Yash Gupta is Professor and Dean of The Johns Hopkins Carey Business School.

Sealing grand alliances

CORRECTION TO THIS POST: Part of this from Johns Hopkins business school dean Yash Gupta, was originally published by the Franklin D. Roosevelt Presidential Library and Museum. Information referring to Roosevelt's 1939 state dinner with King George VI information should have been presented as a quotation, with attribution to the museum. The lack of attribution was inadvertent, Gupta says.

As with so many activities and events involving the president, a White House state dinner conveys enormous symbolism. Who is invited? Who isn't invited? Who is sitting near the president? All these things are noticed, and they often have an impact that goes beyond bruising the feelings of those who didn't receive an invitation or who were invited but got seated at the back of the room.

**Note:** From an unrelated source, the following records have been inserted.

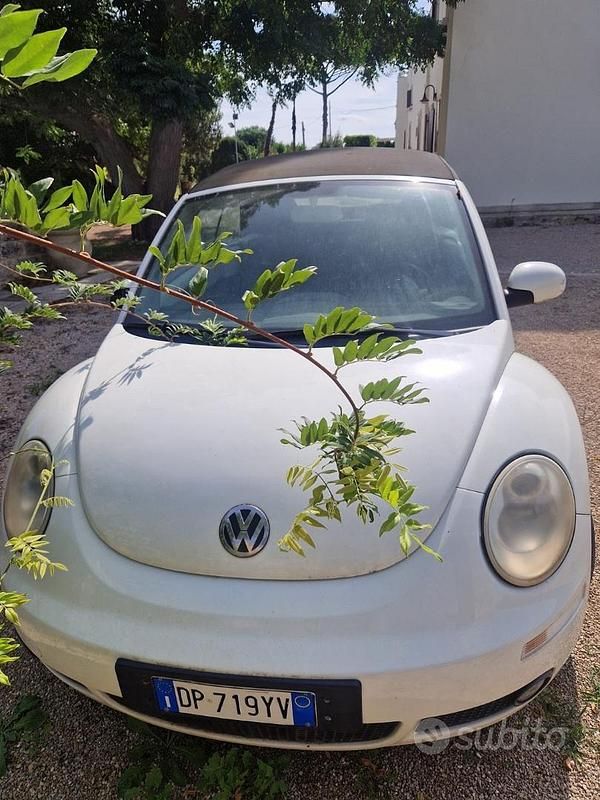 Usata VW Beetle 101 CV (74 kW) 2008 Bianco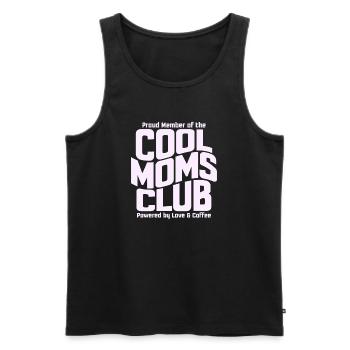 Club des mamans cool - Cadeau de maman pour la fête des mères - Débardeur bio Premium Homme - noir - Devant - AI Model Male 178 light (178cm)
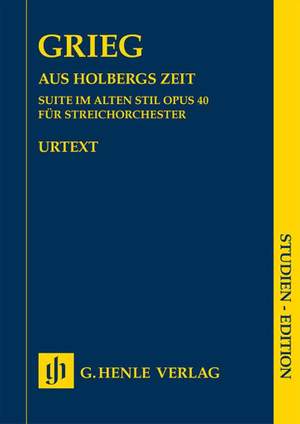 Edvard Grieg: Holberg Suite Op. 40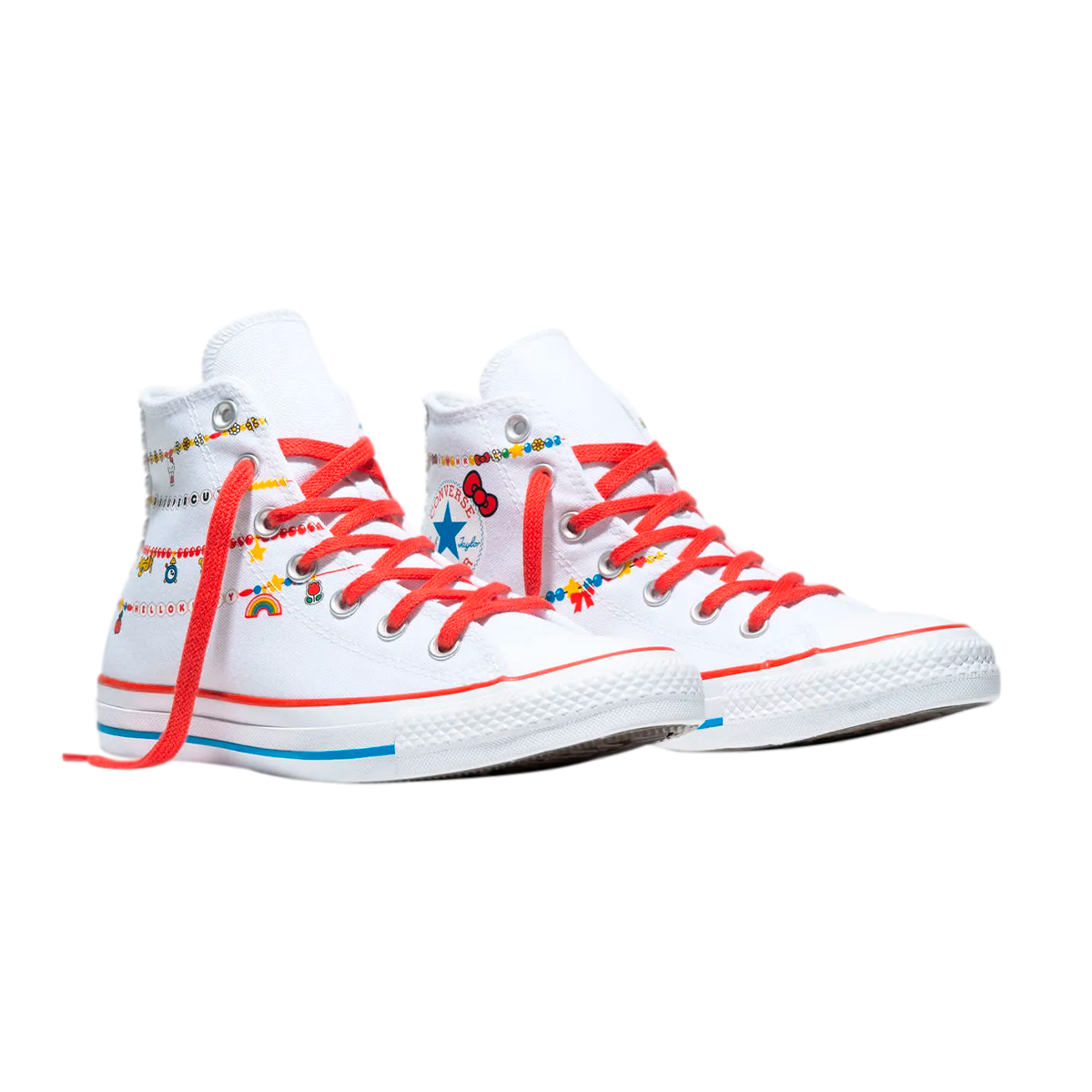 TENIS CONVERSE KITTY & FRIENDS CTAS PARA DAMA COLOR BLANCO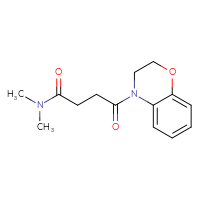 Chemical structure of 4-(3,4-dihydro-2H-1,4-benzoxazin-4-yl)-N,N-dimethyl-4-oxobutanamide - CSSB02010504226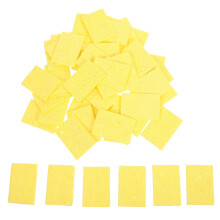 50pcs yellow soldering iron cleaning sponge for high temp welding
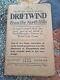 July 1930 Driftwind Poetry Journal. H. P. Lovecraft Poem Within. Vol 5 No. 1 Rare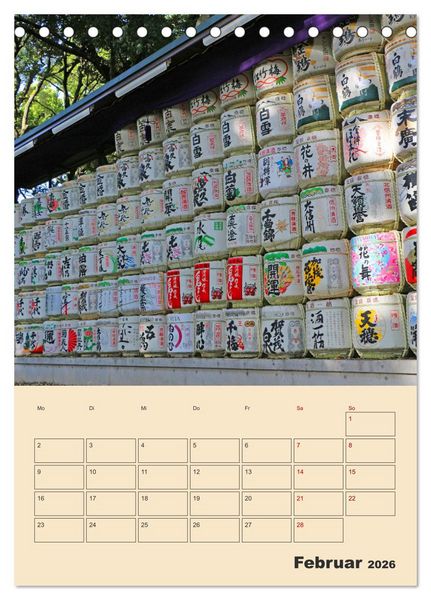 Produktbild: Tokio - Terminplaner (Tischkalender 2026 DIN A5 hoch), CALVENDO Monatskalender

These events have strategic importance as well. President Obama is trying to pass major legislation on health care, energy, and other issues, and so an invitation to his administration's first state dinner could go a long way toward softening the stance of a die-hard opponent or two in Congress. This is a different kind of bully pulpit at the president's disposal - one that comes with a lot more flash and glamor than, say, the podium in the press room, and is in its own way a very powerful political tool.

The same kind of chess game takes place in regard to foreign dignitaries who are asked - or not - to the dinner. You can be sure that the foreign leaders of the nations most important to the United States will not go without attention from the president. By the same token, major financial donors won't be left out in the cold when the hundreds of guests gather inside the big heated tent on the South Lawn of the White House.

The guest list isn't the only thing that observers will study. Matters of style also play an important role - the entertainment, the clothes, the food, the overall staging of the event. In the days after the dinner, these things will be discussed as much as who was (and who wasn't) invited, and they will be seen as symbols, for good or bad, of how this president, his wife, and his administration conduct themselves.

A historical example of the power of symbolic events is the visit of Britain's King George VI to the United States in 1939. No reigning British monarch had ever set foot on American soil, not even in colonial times. That state visit carried great significance in the history of Anglo-American relations. With Europe on the brink of war, then-President Roosevelt realized the necessity of fostering closer ties between the two democracies, and he pursued this change in foreign policy at the risk of losing domestic support from the very strong isolationist and anti-British segments of the electorate.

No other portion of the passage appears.